Abstract

As an important arrhythmia detection method, the electrocardiogram (ECG) can directly reflect abnormalities in cardiac physiological activity. In view of the difficulty in the diagnosis of arrhythmia in different people, automatic arrhythmia detection methods have been studied in previous works. In this paper, we present a dual fully-connected neural network model for accurate classification of heartbeats. Our method is following the AAMI inter-patient standard, which includes normal beats (N), supraventricular ectopic beats (S), ventricular ectopic beats (V), fusion beats (F), and unknown beats (Q).

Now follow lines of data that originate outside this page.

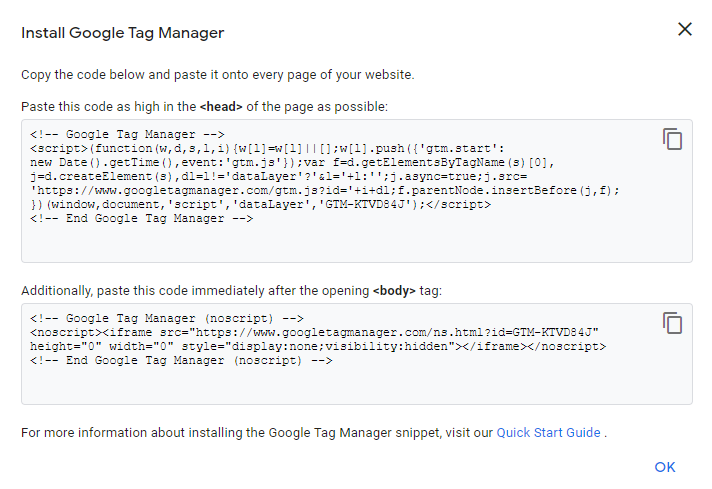 google tag manager (gtm) tracking snippet and instruction on where to place code on website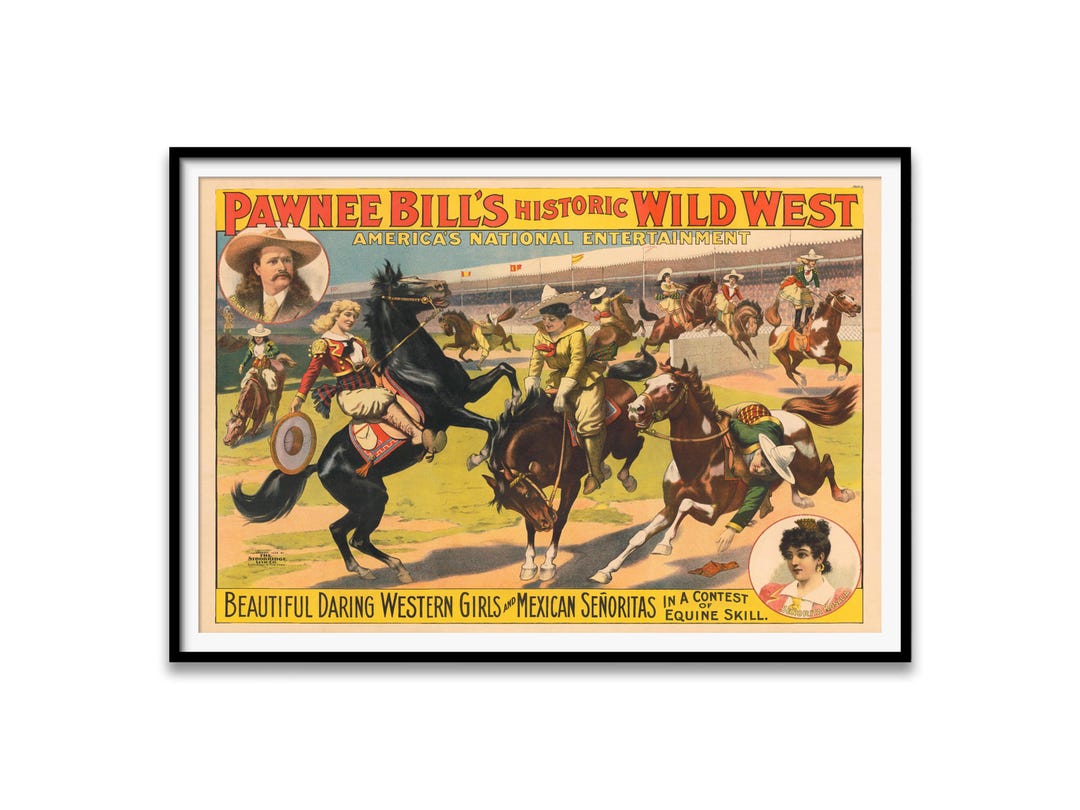 Pawnee Bill's Wild West Show Poster – Vintage Cowboy Art Print - Etsy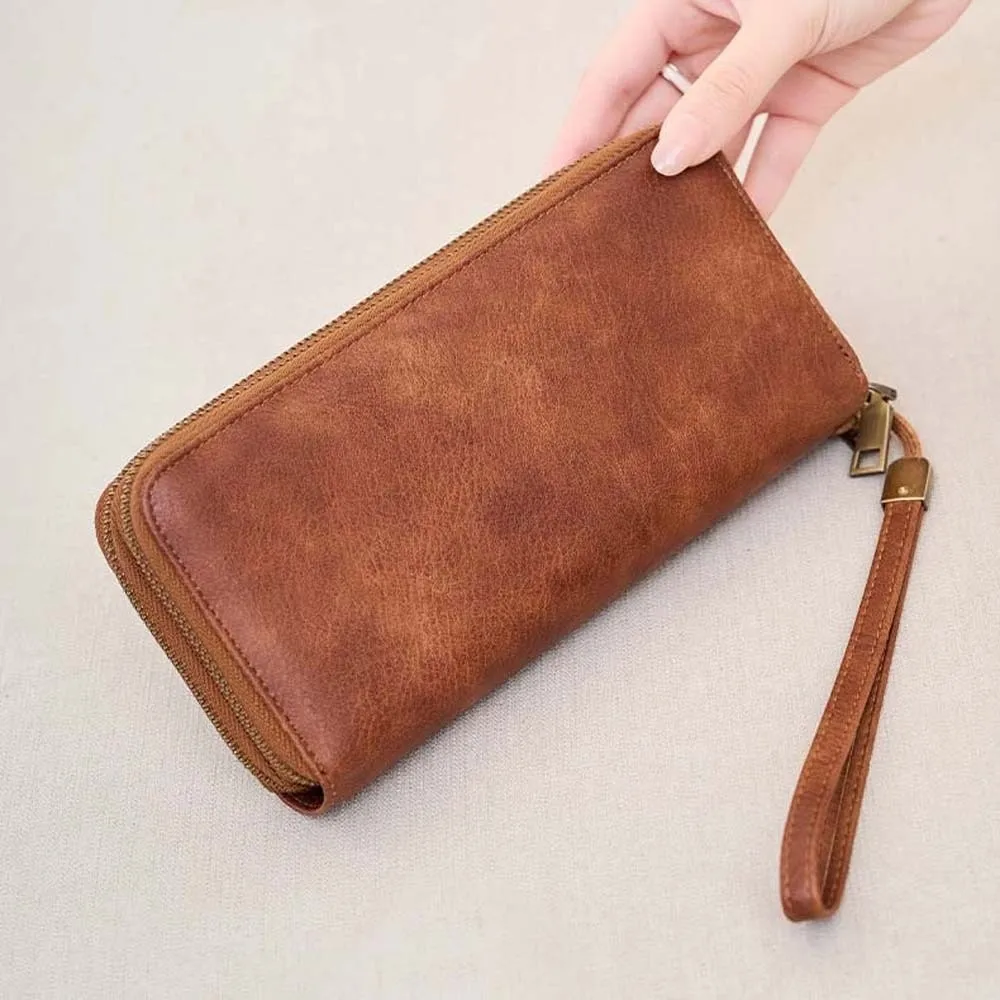 

Versatile Portable Leopard Print Long Wallet Solid Color Stripe Multiple Cards Purse Cow Print Classic PU Handheld Bag Work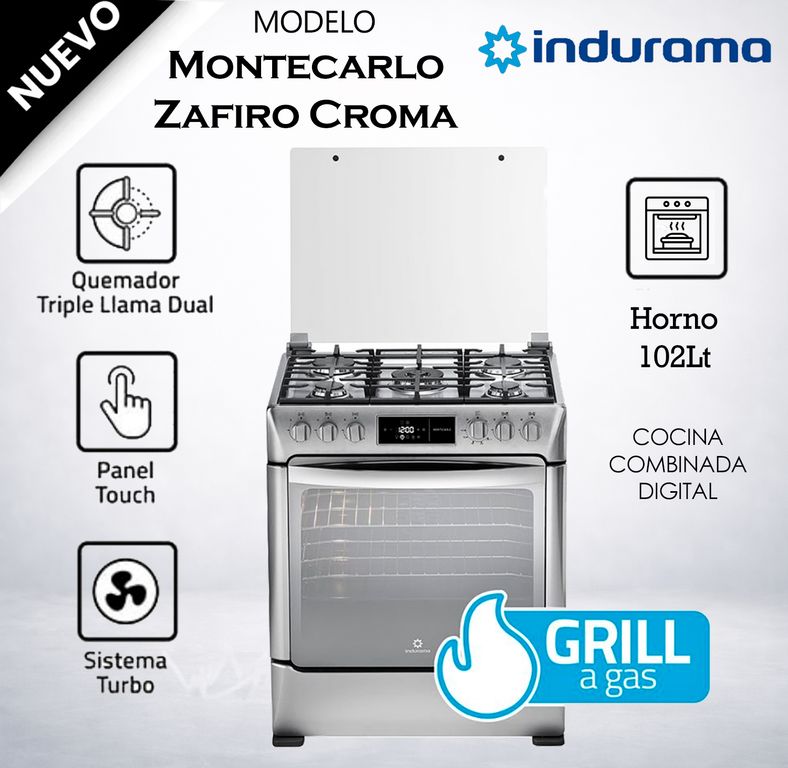 Cocina a Gas 5 Quemadores Montecarlo Zafiro Croma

Firstly, a total of 105 features are extracted from the preprocessed signals. Then, a two-layer classifier is introduced in the classification stage. Each layer contains two independent fully-connected neural networks, and the threshold criterion is also added in the second layer. For verification, both the MIT arrhythmia database (MITDB) and the MIT supraventricular arrhythmia database (SVDB) were adopted. The experiments demonstrate that the proposed method has high performance for arrhythmia detection. It also achieves high sensitivity for class S and V, which can easily detect potentially abnormal heartbeats. Furthermore, the proposed method can interfere with the classification effect for a certain disease and have more advantages in dataset size when comparing a convolutional neural network (CNN). Once properly trained, the proposed method can be employed as a tool to automatically detect arrhythmia from ECG.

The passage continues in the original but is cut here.